En s’en prenant publiquement à des officiers à la retraite, dont les généraux Xu Caihou et Gu Junshou, qui jouissaient d’un réseau et de richesses considérables, Xi Jinping a rompu une règle tacite au sein du Parti et a fait passer un message fort : « nul n’est à l’abri ». Le président chinois n’est pas seul dans sa campagne. Il a au sein de l’APL les contacts qu’il s’est construit lorsqu’il était gouverneur dans le Fujian (sud de la Chine) et qu’il a placés à des postes clés. Il peut également compter sur le soutien des autres fils de « princes rouges[12] » qui se veulent être les garants de la « pureté du système, au nom d’un idéal nationaliste[13]».
Derrière le discours se cache en réalité une lutte politique féroce entre hauts dirigeants dont le résultat a finalement été annoncé en octobre, lors du XIXème Congrès du Parti : Xi Jinping l’emporte et règne en maître.

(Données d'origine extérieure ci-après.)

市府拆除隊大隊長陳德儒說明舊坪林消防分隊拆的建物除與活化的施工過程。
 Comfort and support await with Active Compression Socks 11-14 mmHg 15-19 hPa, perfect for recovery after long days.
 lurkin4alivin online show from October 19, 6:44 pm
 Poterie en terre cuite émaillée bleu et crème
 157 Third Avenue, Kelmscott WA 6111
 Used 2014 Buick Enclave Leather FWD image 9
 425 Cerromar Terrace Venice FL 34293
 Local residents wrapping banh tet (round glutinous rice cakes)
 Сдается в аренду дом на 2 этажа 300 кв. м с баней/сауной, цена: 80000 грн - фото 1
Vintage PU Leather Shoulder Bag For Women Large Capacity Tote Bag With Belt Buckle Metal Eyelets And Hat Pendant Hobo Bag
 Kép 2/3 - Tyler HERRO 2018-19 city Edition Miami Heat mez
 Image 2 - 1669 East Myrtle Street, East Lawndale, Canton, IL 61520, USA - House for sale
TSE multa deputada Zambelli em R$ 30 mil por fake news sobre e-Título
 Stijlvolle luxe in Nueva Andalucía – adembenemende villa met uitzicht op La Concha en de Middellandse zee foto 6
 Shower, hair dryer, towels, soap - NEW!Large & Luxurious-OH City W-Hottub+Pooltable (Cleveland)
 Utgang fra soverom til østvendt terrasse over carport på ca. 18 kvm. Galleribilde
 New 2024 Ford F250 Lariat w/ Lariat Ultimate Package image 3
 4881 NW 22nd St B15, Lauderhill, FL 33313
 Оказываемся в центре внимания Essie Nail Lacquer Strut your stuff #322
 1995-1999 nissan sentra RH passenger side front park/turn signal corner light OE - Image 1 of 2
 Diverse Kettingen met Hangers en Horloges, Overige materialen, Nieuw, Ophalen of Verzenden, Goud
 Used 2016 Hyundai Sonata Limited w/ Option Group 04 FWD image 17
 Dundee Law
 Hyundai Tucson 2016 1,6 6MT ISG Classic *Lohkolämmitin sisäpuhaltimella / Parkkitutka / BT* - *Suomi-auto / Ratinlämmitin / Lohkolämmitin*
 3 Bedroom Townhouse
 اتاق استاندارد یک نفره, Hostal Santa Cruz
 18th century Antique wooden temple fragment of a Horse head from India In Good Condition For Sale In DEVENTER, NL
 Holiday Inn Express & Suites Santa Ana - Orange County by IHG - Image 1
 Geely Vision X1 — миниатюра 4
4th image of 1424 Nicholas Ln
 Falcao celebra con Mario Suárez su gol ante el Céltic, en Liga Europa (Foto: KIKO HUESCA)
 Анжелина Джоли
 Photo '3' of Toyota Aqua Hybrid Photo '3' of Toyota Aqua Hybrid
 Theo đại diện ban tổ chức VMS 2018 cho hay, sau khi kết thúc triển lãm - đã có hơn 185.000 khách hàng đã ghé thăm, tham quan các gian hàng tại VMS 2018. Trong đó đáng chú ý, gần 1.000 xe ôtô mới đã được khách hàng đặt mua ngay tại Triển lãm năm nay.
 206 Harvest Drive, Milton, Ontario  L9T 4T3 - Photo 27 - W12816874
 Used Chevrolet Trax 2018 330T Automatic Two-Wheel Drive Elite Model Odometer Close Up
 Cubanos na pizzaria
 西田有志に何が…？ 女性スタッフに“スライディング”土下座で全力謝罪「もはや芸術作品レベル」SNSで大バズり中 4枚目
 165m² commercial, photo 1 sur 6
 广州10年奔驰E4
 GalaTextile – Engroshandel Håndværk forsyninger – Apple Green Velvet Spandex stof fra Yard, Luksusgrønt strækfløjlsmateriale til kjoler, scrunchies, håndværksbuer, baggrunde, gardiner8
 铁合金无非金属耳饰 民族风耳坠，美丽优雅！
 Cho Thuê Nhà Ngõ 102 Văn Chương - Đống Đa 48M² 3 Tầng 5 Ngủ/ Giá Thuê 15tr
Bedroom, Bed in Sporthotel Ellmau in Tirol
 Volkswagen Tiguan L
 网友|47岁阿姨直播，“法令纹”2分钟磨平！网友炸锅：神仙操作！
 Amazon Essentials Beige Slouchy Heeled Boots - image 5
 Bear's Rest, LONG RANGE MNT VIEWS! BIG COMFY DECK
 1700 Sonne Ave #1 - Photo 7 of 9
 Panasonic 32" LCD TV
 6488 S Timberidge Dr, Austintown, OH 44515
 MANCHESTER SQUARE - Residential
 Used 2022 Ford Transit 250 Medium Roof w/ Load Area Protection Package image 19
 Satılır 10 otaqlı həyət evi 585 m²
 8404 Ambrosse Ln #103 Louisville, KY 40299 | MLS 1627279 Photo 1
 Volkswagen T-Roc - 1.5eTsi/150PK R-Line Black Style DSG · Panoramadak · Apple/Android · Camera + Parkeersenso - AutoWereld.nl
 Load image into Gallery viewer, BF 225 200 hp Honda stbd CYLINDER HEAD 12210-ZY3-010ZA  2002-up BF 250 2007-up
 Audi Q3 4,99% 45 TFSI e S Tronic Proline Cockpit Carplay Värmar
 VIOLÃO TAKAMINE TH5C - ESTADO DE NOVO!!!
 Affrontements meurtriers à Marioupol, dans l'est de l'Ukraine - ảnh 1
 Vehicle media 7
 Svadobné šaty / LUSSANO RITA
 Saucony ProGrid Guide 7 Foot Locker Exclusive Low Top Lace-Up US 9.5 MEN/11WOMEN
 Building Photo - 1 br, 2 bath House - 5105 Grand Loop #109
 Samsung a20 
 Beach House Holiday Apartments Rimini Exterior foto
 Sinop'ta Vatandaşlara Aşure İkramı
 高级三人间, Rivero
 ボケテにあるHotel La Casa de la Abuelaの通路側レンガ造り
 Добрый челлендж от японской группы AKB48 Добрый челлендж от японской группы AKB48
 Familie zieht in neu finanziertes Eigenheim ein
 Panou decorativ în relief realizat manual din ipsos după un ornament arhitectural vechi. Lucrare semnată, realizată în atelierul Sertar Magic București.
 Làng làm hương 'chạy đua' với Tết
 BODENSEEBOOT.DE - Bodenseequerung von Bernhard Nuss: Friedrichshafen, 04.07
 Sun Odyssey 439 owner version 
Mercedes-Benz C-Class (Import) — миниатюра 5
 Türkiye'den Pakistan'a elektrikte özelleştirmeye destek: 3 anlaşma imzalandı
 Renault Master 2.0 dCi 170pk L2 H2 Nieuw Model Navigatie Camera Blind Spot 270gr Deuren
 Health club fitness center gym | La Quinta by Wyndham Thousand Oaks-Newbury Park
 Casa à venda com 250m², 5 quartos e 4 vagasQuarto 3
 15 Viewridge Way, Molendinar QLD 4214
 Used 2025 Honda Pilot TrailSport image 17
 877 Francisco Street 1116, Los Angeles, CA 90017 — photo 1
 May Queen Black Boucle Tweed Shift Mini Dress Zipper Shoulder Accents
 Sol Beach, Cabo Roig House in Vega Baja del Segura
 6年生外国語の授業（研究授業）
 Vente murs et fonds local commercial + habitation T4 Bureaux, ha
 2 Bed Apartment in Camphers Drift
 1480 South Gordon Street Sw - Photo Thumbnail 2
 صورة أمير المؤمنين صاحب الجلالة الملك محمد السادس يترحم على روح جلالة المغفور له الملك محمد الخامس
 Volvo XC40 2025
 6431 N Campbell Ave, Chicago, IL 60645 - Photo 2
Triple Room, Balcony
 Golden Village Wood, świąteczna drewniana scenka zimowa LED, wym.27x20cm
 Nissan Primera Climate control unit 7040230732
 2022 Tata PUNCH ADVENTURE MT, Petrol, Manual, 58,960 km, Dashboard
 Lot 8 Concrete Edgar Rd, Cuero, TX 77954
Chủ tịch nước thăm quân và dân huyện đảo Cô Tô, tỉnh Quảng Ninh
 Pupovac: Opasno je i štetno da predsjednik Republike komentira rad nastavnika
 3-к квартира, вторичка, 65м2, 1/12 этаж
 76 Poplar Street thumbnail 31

Bilan de la réforme : le politique avant le militaire
La grande réforme militaire lancée par le président Xi en 2015, a aussi été l’occasion pour lui d’imposer ses contacts à la tête de la commission militaire et de réaffirmer l’autorité du Parti sur les militaires. Cela répond à trois objectifs : premièrement, l’APL sert le Parti et non la République populaire ; deuxièmement, nul n’est à l’abri de la campagne anti-corruption ; troisièmement, anéantir les factions rivales et assurer la seule autorité du président Xi sur les troupes[14].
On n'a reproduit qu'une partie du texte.